Every line from the one with "Serdivan’ın parklarını kedi" up to and including the one with "Gâteau au cannabis" is to be output exactly as it appears below; pictures are not.

**Input data:**

================

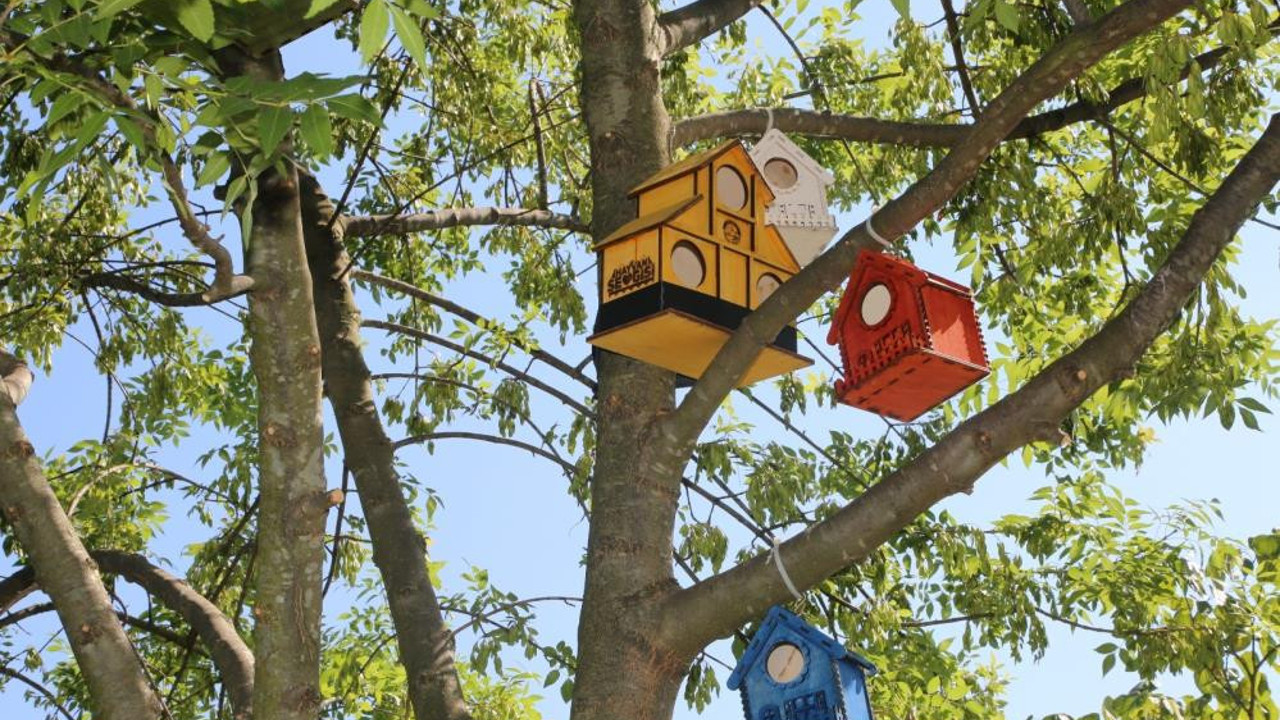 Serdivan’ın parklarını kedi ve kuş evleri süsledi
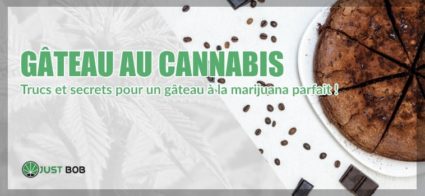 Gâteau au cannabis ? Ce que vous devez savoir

================

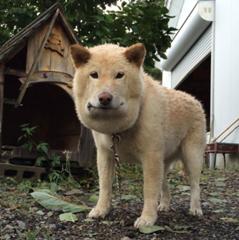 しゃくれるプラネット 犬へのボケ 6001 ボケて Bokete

================

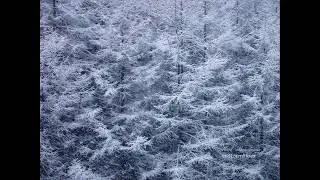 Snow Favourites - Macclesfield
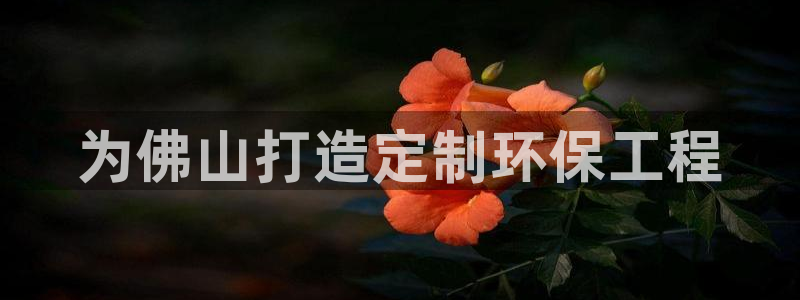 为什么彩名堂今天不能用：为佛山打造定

================

**Solved exercise:**
 Serdivan’ın parklarını kedi ve kuş evleri süsledi
 Gâteau au cannabis ? Ce que vous devez savoir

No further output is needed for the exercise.